» THE TASK
What you should give back is every line from the one containing "Hiasan hijab bunga samping" through the last line of the records below, word for word and without pictures.

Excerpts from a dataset
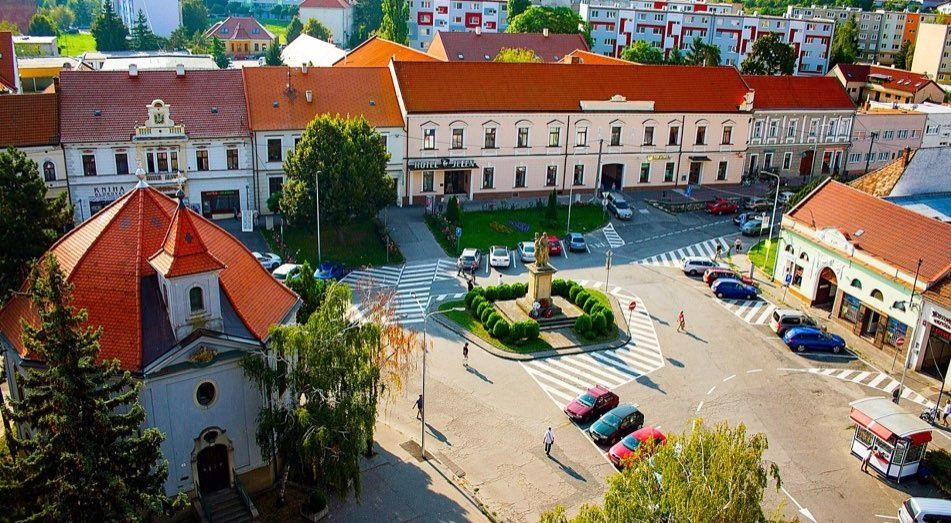 Na predaj polyfunkčný objekt v centre Hlohovca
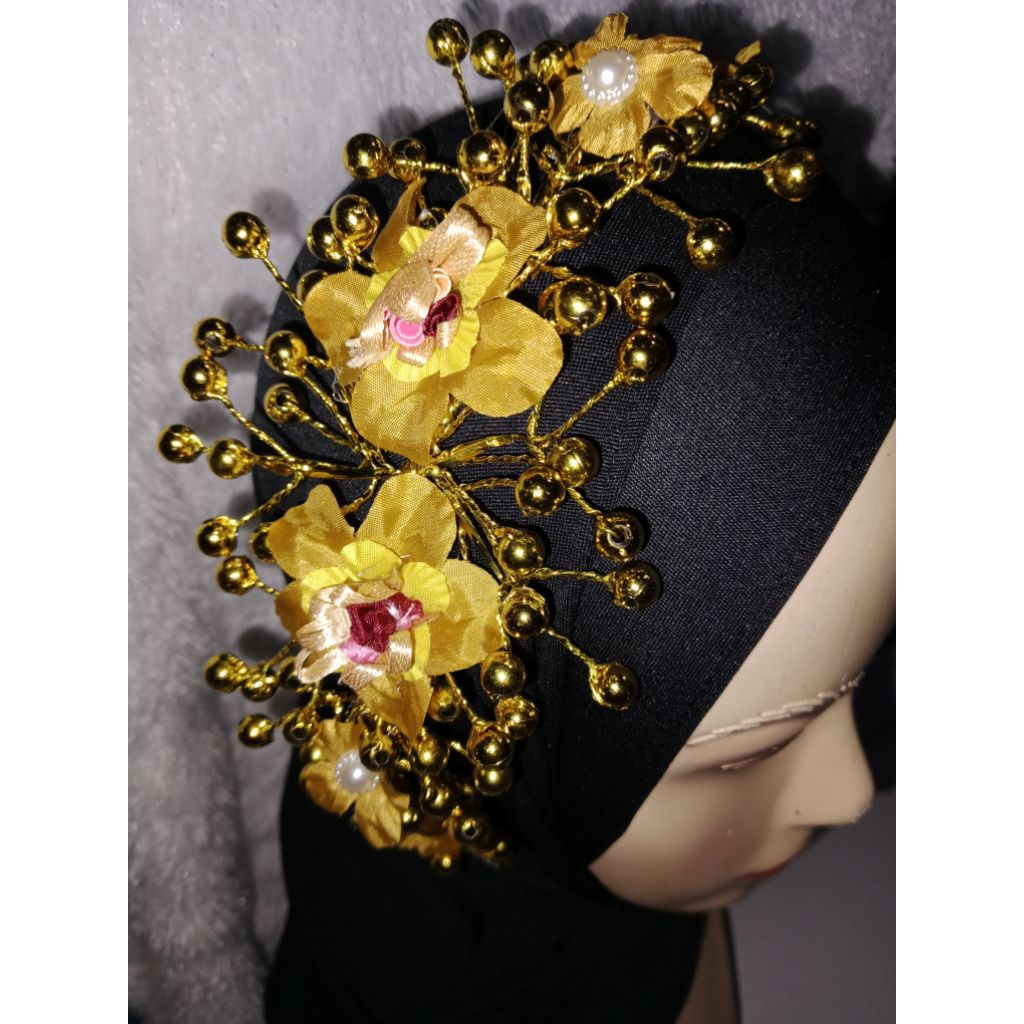 Hiasan hijab bunga samping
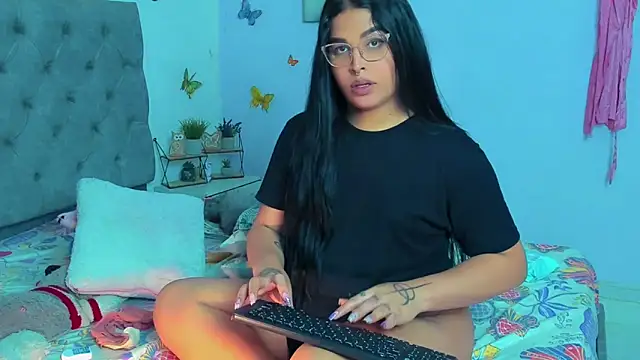 Snapshot of mabellfox chatting on 01-08-25, 10:27 mabellfox online show from 01-08-25, 10:27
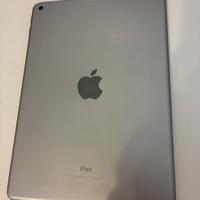 IPad 5a Generazione 32GB WI-FI - Schermo Rotto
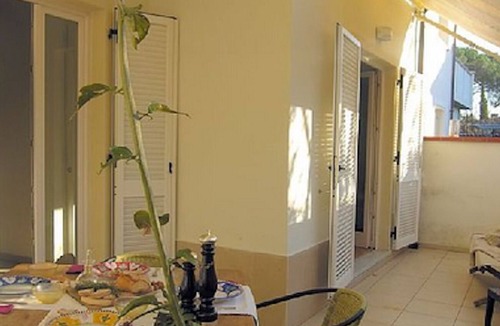 Torre del Lago Puccini House | House with a small garden between sea and lake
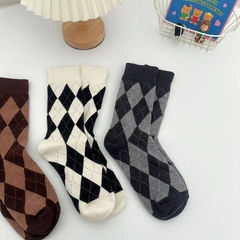 Trendy diamond-patterned mid-calf socks for women, wholesale winter collection style JK socks in white—long, black-and-white diamond-shaped, with a retro plaid design.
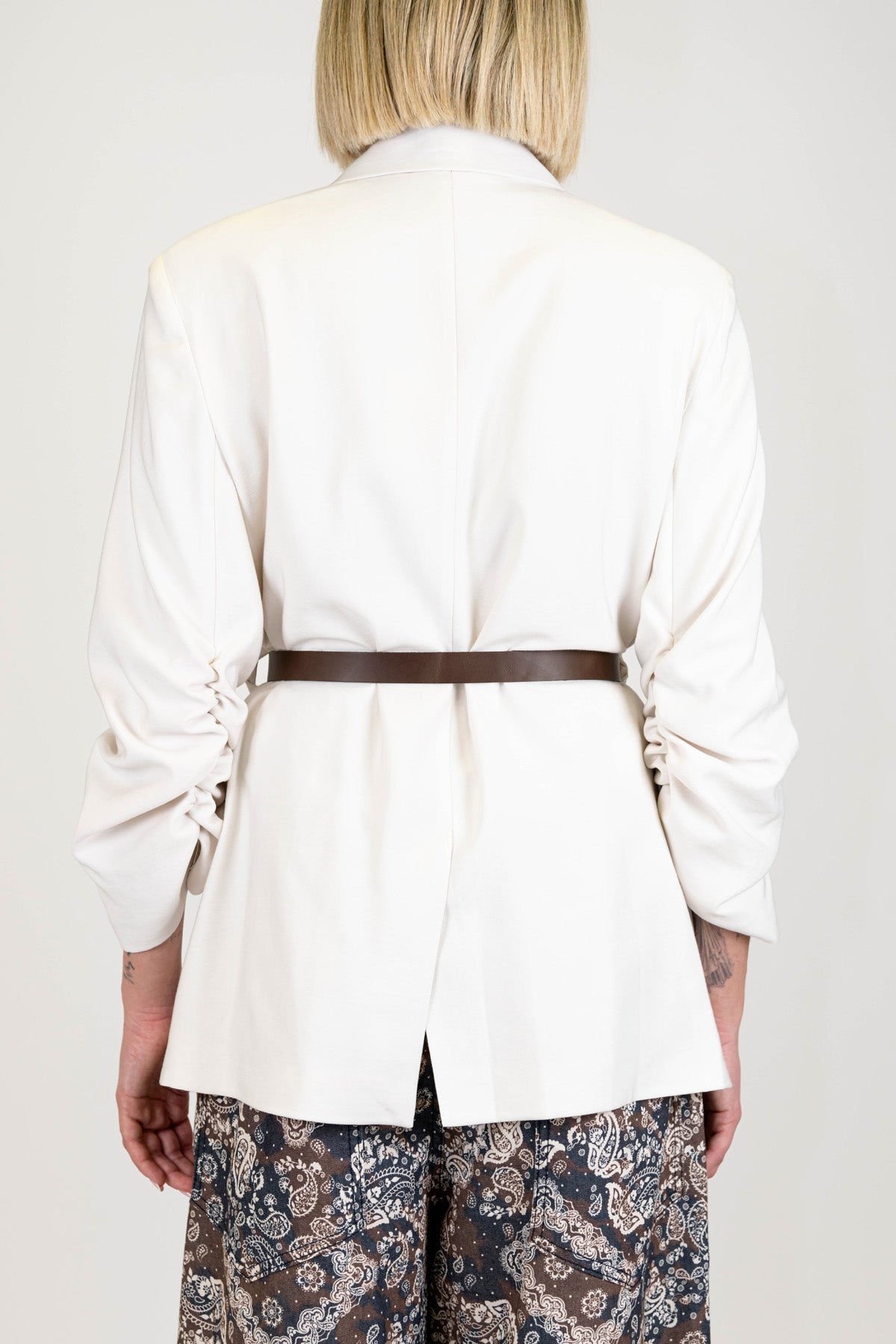 Tensione in - Giacca priva di bottone con cintura e manica arricciata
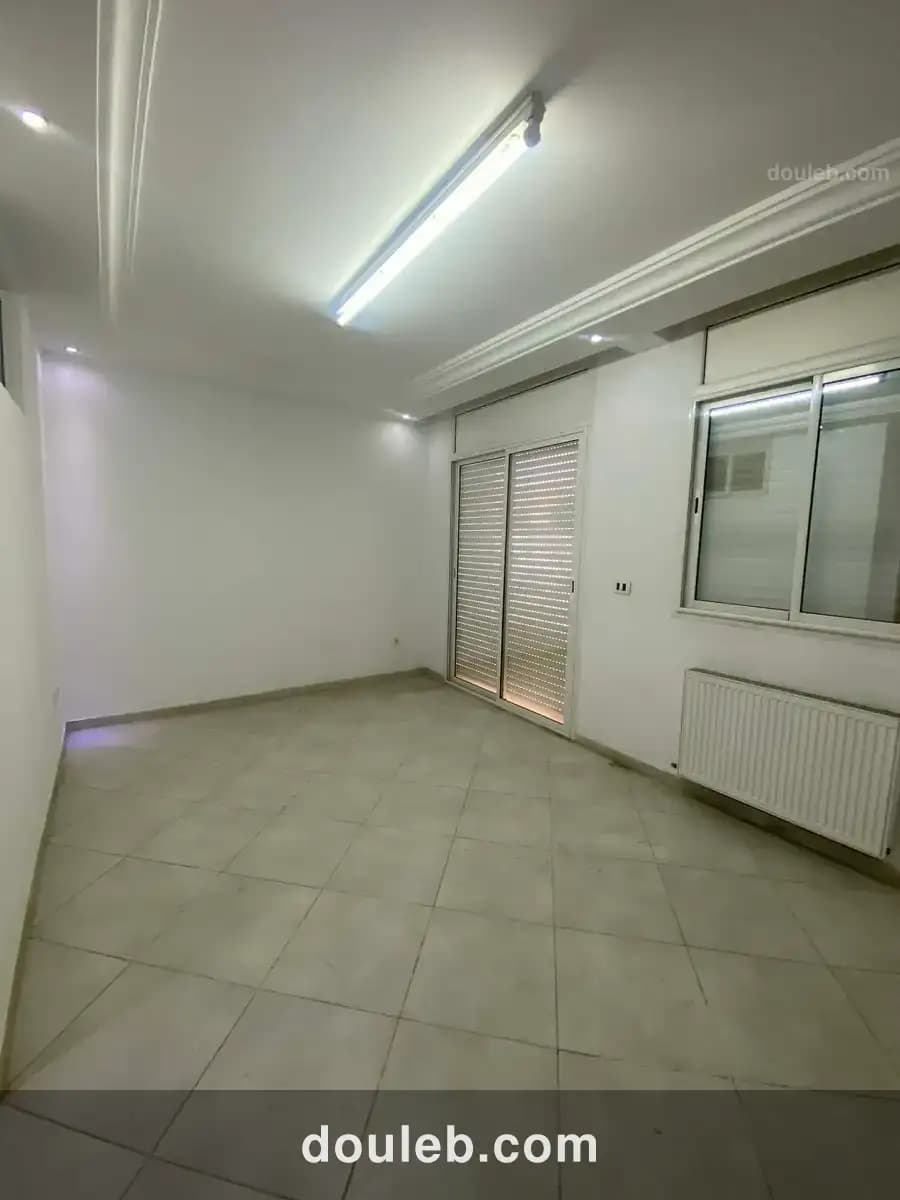 S plus 2 propre usage bureautique à Tunis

» THE ANSWER
 Hiasan hijab bunga samping
 Snapshot of mabellfox chatting on 01-08-25, 10:27 mabellfox online show from 01-08-25, 10:27
 IPad 5a Generazione 32GB WI-FI - Schermo Rotto
 Torre del Lago Puccini House | House with a small garden between sea and lake
 Trendy diamond-patterned mid-calf socks for women, wholesale winter collection style JK socks in white—long, black-and-white diamond-shaped, with a retro plaid design.
 Tensione in - Giacca priva di bottone con cintura e manica arricciata
 S plus 2 propre usage bureautique à Tunis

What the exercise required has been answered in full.